In the early part of the 1980s, Chicago club DJs Frankie Knuckles and Ron Hardy – along with Chicago radio DJs “The Hot Mix 5” from the radio station WBMX-F played music that incorporated older disco music with newer European beats. Other effects such as drum machines and rhythmic electronic instrumentation were also sometimes added to create a unique sound.
The term “house music”, itself, is believed to have originated from the popular Chicago club called The Warehouse where DJ Frankie Knuckles played. At this club, DJ Knuckles played remixed versions of the classics – along with underground music from artists in the city. As it was the only place that would play that type of music in the city, many artists relied on the club for exposure. Meanwhile, at a local records store called Importes Etc, the music that DJ Knuckles played at the Warehouse was given a “as heard at the Warehouse” label. Eventually, they shortened this phrase to simply “House music” and patrons would visit the store looking for the newest house music. Thus, house became the word to describe the style of music played at “The Warehouse”. All that said , the recording “”It’s House” by Chip E. in 1985 may have further helped to label this electronic music form.
On August 10th of 2005, the mayor of Chicago declared a “House Unity Day” in Chicago to celebrate the 21st anniversary of house music and the 21st anniversary of the founding of the Chicago house label Trax Records.
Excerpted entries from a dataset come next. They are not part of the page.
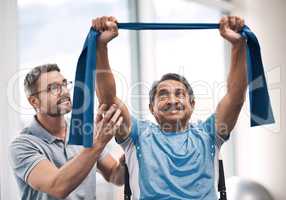Hes raising the bar today. Shot of a senior man exercising with a resistance band during a rehabilitation session with his physiotherapist.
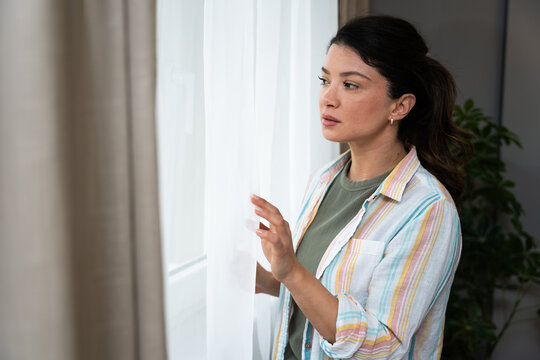 Mental health, woman and nervous of thinking in home with failure, paranoid and regret trauma. Overthinking, person and anxiety in house for ptsd, isolation and victim phobia with stress or wondering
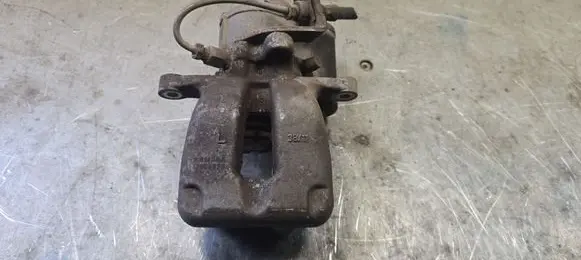 Volkswagen PASSAT B6 Rear brake caliper JBC0329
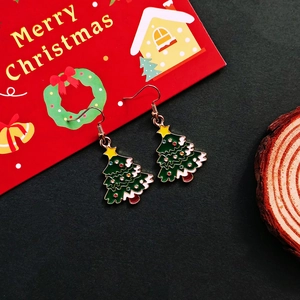 Detailed Christmas tree earring with green drip oil and gold hook on a festive backdrop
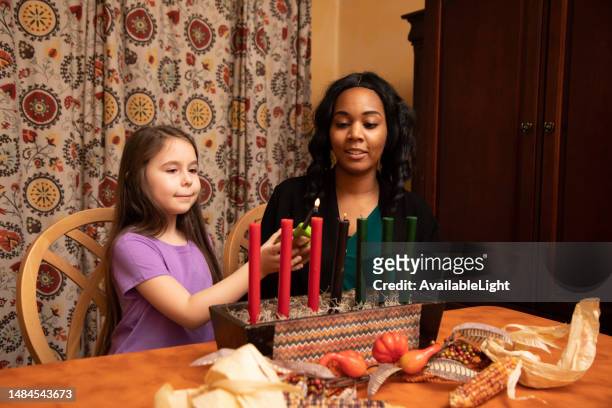 kwanzaa mom and daughter bond real - kwanzaa stock pictures, royalty-free photos & images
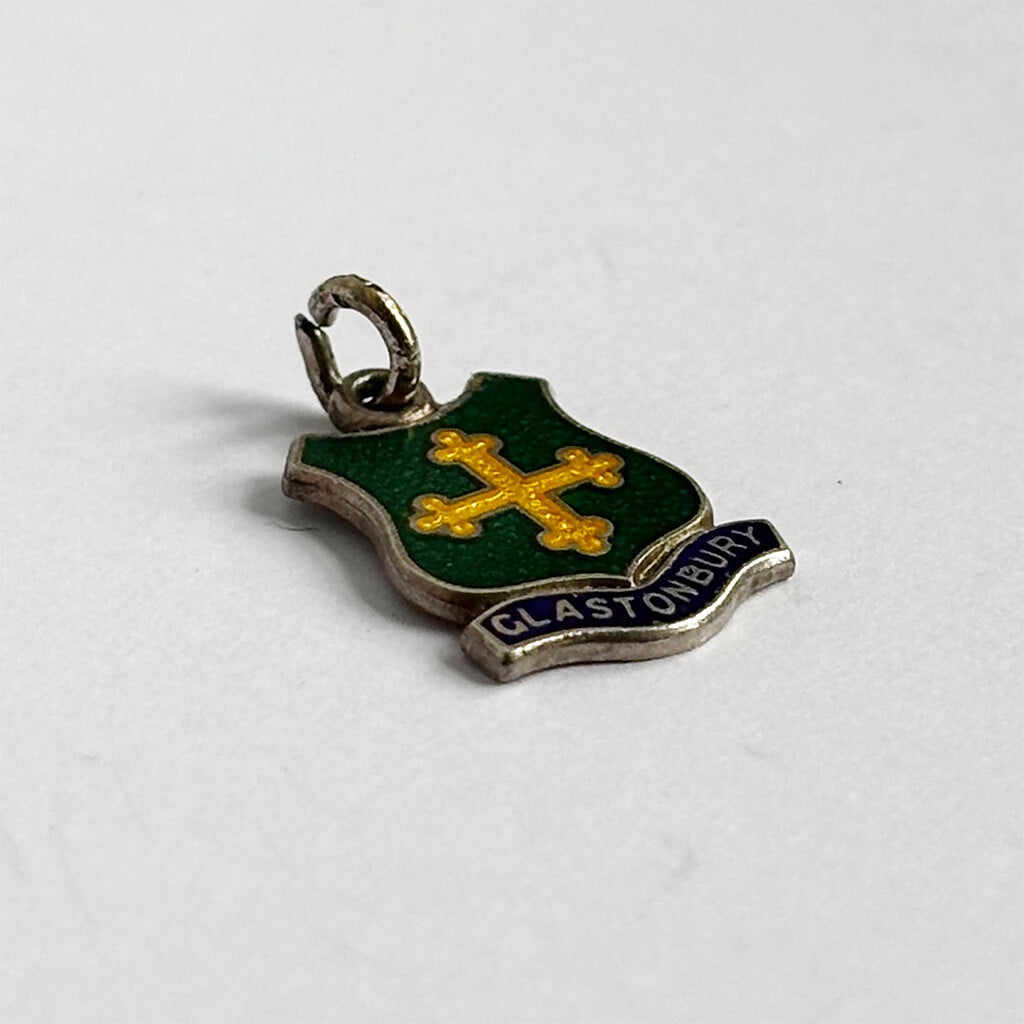 vintage silver green and yellow enamel emblem with 'Glastonbury' text on a white background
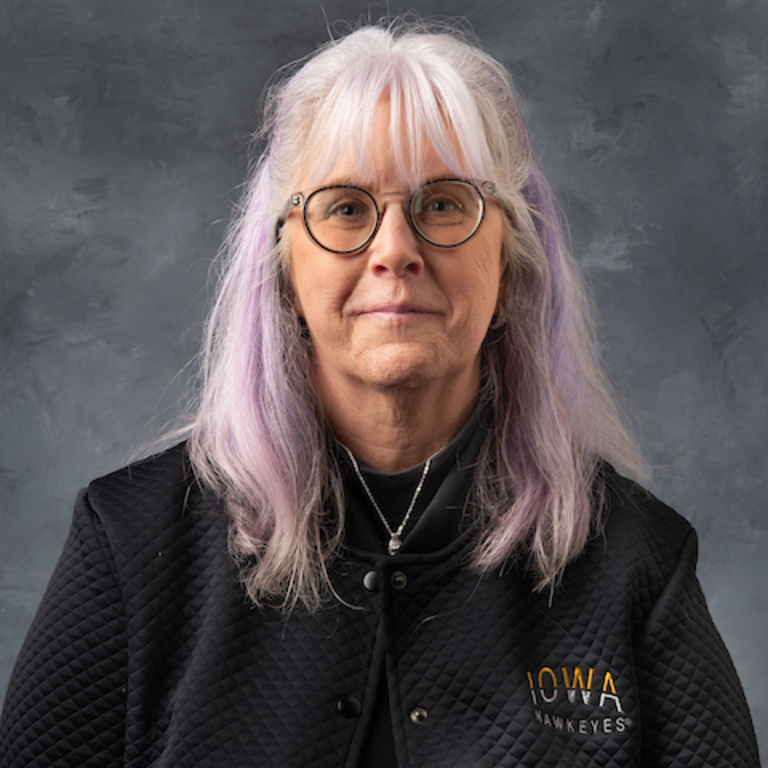 picture of woman with shoulder-length violet-highlighted hair, wearing a black Iowa Hawkeyes shirt and glasses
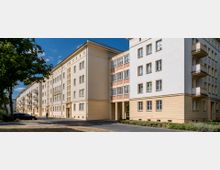 Mehrstöckiges Wohngebäude im Stil der Nachkriegsarchitektur mit hellgelber und weißer Fassade, regelmäßigen Fensterreihen und Balkonen an der Seite. Im Vordergrund sind ein Gehweg, eine Rasenfläche und einige Bäume sichtbar, bei klarem Himmel und Tageslicht.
This event essentially recognized Chicago as the original home of house music. Over the following decade, various house music related events were founded during this time period – including Miami’s Winter Music Conference and the Shambhala Music Festival. Further, house music spread its appeal throughout the world and gained popularity in areas such as the Middle East.
That said, there are a wide variety of different styles of house music available to listeners. Some of the more popular styles of house include:
Deep House: originating in the 1980s, this style of house music originally incorporated Chicago house with a bit of soul music and 1980s jazz-funk music. Sometimes having an acoustic feel, these tracks generally have 120-130 beats per minute and are about seven to ten minutes in length.
Minimal House: also referred to as microhouse, this house music subgenre is influenced by minimalism and techno music from the 1990s. These tracks consist of about 130 beats per minute. That said, instead of drums, minimal house uses static, clicks, and related sounds. Sampling is often used to achieve these different sounds and effects.
Big Room House: developed In the early 2010s, this electro-house subgenre began to develop in the early 2010s. This style of music incorporates minimalist percussion drops, simple melodies, regular beats, sub-bass layers, etc and basically has the same track layout as a electro-house style of song
Tech House: is a type of subgenre of house music that mixes techno elements with house music. While tech-house utilises the general structure of house music, loud drum beats and jazz sounds are replaced with techno music elements that can include more synthetic sounds, louder snares, and related sounds. While some producers also add vocals, all tech house music tracks usually have a rich techno bassline throughout.
Electro House: Electro house is similar to tech house in that this house sub-genre contains similar elements that include a strong bassline. However, electro house also can include electro-influenced vocal and/or instrumental samples and electro-influenced synth elements. With a tempo of about 128 to 130 beats per minute, more modern songs also may feature a “dirty” bass sound.
Overall, the history of house music is an interesting one and simply reinforces the fact that house music will only continue to evolve and grow in the near future.